Rupert Smith’s industrial loft in Cape Town, South Africa is an exercise in storytelling, with natural light and contrast in the starring roles.
“Visual merchandising is the art and science of attracting and engaging potential retail customers by bringing merchandise alive,” explains Rupert Smith, co-owner of VM Central & Olive Studio, South Africa’s only accredited visual merchandising school. “It’s all about creating a visual narrative.”
While their portfolio includes work for such iconic international brands as Harley Davidson and Heineken, it’s hard to imagine a more distilled demonstration of what he means than his own living space.
This compact loft is infinitely more than the sum of its parts; in Smith’s hands, the somewhat clinical, static industrial steel and concrete space breathes with life and vibrancy. It’s at once both dramatic and nurturing, both streamlined and layered: a sublime balancing act in which seemingly contradictory elements find coherence and consistency and come together to create a narrative world with its own internal logic and unique character.
“I was drawn to the industrial elements, like the steel windows and staircase, and to the volume, but I didn’t want a soulless, run-of-the-mill modern, cold space,” says Smith. “What I also liked was the sense of life unfolding all around me (the block and the surrounding area hosts residential and commercial units equally).
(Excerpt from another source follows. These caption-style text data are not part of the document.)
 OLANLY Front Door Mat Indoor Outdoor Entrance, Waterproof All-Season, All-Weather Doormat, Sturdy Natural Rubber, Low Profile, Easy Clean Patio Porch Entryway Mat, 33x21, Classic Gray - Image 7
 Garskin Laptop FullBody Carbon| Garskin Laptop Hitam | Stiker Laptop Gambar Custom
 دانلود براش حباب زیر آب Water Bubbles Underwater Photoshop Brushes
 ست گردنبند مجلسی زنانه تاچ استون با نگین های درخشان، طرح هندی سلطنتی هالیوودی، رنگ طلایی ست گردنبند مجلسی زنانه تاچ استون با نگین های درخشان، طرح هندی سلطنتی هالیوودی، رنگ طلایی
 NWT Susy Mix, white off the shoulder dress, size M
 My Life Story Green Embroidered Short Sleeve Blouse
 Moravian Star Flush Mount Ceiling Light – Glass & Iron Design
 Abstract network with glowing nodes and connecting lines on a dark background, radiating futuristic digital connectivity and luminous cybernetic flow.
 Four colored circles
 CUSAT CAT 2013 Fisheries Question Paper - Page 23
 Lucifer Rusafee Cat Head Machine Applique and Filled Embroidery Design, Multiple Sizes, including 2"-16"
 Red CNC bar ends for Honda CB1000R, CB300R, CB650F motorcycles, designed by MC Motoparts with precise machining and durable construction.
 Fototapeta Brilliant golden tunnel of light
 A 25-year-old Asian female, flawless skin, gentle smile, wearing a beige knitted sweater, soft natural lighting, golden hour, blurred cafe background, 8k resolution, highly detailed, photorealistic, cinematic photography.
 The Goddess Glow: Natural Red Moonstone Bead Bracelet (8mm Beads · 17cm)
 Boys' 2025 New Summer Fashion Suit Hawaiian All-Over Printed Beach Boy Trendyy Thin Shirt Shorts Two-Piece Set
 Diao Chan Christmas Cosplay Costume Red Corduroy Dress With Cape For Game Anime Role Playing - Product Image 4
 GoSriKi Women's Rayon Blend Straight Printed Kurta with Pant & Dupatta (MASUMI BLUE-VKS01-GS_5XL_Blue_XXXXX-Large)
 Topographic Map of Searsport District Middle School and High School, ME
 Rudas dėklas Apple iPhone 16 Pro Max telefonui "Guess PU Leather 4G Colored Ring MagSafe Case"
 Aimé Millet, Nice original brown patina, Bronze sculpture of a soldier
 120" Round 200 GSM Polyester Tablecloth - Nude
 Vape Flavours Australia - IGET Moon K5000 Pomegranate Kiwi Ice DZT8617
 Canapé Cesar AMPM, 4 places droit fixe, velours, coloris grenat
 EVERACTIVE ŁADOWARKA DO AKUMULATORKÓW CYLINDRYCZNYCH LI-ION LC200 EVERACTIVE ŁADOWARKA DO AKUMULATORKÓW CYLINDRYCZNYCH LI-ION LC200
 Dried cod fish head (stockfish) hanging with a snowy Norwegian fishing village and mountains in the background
The bigger context is one of people working, playing, living, resting, retreating, entertaining, and I wanted to bring this multi-dimensionality into the heart of my home.”
The biggest drawcard for Smith was interplay between the loft’s airy volume and its abundance of natural light. “With this in place, I knew I had the essential elements for my own canvas,” he tells. When it came to that “canvas,” Smith followed his own golden rules: “First, I start with a black and white frame and then build and layer from there.” And while it might seem counter-intuitive, the dramatic black feature walls in no way shrink the space, nor do they add any sense of confinement – thanks to the swathe of glass windows, the natural light, and the clever way that Smith then built over the monochromatic base
Maximizing available light is another design rule that Smith swears by, and it’s masterfully achieved in this loft. “This becomes about texture, gloss and reflective surfaces,” he explains. It’s to this end that one of the apartment’s most dominant features is the ongoing repetition of glass vessels and glossy finishes. On every available surface and at every level, these refract and accentuate light, shining and drawing the eye while seemingly extending the actual spatial footprint by linking the interior to the outside and drawing coherent relationships between items from wildly disparate contexts. The gleaming leather of a midcentury modern Scandinavian lounge suite happily coexists with the marble sheen of an antique French table; burnished wood corresponds with glistening metal; and the porcelain tiles’ patina forges a relationship with polished brass and chrome.
Another equally powerful layer is added by the proliferation of greenery and living plants – a direct counterpoint to the bones of the building. Not only do these leaves’ luster further the amplification of light, but they also turn the entire notion of a sterile urban industrial space completely on its head and imbue the loft with the overall feeling of an incongruent but welcoming, lushly fecund oasis.
It’s this abundance of greenery and light that underpins everything, and it’s greatly enhanced by juxtaposing it with a deeper layer of rougher, less refined texture – the hessian artwork against the black wall in the living area, the throws in the mezzanine bedroom, and the sumptuous natural pile of white fleece rugs.
The last layer is the detail – to which Smith meticulously applies his eye. “My son, Hero (13), says our home is like a museum,” he laughs, pointing to the various groupings of interesting objects that punctuate and add further depth throughout the loft. Most notable among these must be the taxidermy birds, which add a playfully macabre note to the lush oasis. “I’m obsessed by birds,” shares Smith, “and I’ve always been a bit of a Goth!”